I looked at him in silent wonder for some moments. He was not joking, he was not speaking with the defiance of one soon to leave. He really did not care, and this was something I could scarcely understand, not to put first, before all other things, the loyalty to those set in authority over us, not wish to see them triumphant and so to triumph with them. I remembered now his contempt for those who would take his place, but it had been for their skills, and because he was being supplanted, not because it was Franks who were ousting him. He would not change his style of dress or the cut of his beard so as to pass unnoticed in the streets, not out of patriotic feeling as I had supposed, and always admired in him, but simply because these were things that belonged to him, they were himself – he brought everything back to himself. He did not care who owned Corfu, he did not care whose banners flew there! He had no devotion, no spirit of service. I felt pity for him at that moment, as if he lacked some limb and was condemned to hobble through the world instead of walking. But this pity lasted scarcely longer than the time it takes to draw a breath. The demon of envy that lies always in ambush struck me and pierced me and I thought suddenly of that Filippo who in the twelfth year had set his face against the waiting ship, and then I thought of Nesrin and how she turned in the dance. I strove to put these thoughts away, because I knew them for corruption.

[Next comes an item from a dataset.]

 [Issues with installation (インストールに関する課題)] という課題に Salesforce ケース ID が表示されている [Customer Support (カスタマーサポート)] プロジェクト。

"You are wrong," I said. "We are not the same, you and I. I serve the King my master and hope for his greater glory. Corfu belongs to the Kingdom of Sicily by lawful title."

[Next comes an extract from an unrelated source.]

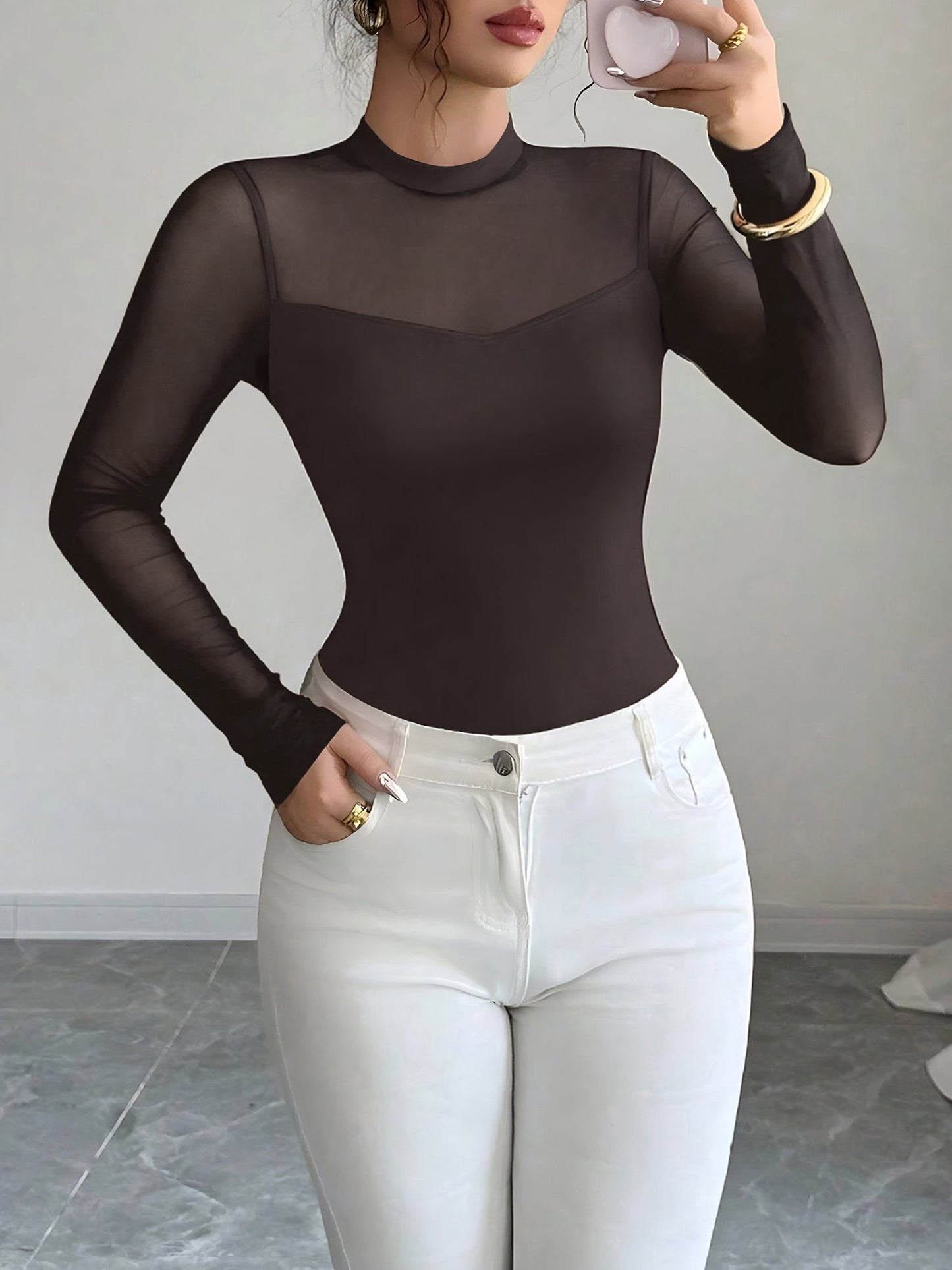 Mock Neck Mesh Sheer Long Sleeves Blouse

He shrugged slightly but said nothing, and I saw that this too, our sameness or our difference, did not matter to him one way or the other.

He reached and took up a handful of the tesserae that lay on a trestle beside him. They were small cubes of silvered glass and when he let them fall again into the tray, pouring them from tilted palm, they caught the light in falling and made a cascade that seemed unbroken. "Silver is used for the light that comes from Christ," he said. "It gives white reflections of great intensity. It is used for the arms of the cross, and for the halo. Angels also may have silver haloes, but no other figure may have them. Silver pieces can be used for the shine of weapons, they can be used to heighten the effect of other colours, especially the blues and greys." He took up another handful and let it fall again. "Yes, silver has various uses. Without the silver our work would show much less. But in my palm, or in the tray, the pieces are all the same. No one can see the form that will be by studying the pieces, no, not if he spent all his life in the study."

It was hot here, in the long, narrow rectangle of the workshop. The shutters were open but the walls were of brick and held the heat of the day. There was a slight vapour in the air: the resin that was to form the first layer of the bed had been heated to make it more adhesive and easier to spread. Dust from the powdered stone they were to use to strengthen the mortar hung in the air between the beaten earth floor and the raftered ceiling. Looking up, I saw a flutter of wings: some small bird that had entered through a window and did not find the way out.

"You will come to it, sooner or later," he said. "There may be some, even many, who fulfil their own needs by serving another's, but you are not of that company. Take the lesson from the mosaic. There is one true assembly of these pieces into the shape that is needed. Whether they are gold or silver or marble or glass or mother-of-pearl, they will be set in such a way as to have a meaning in the form and to catch the light.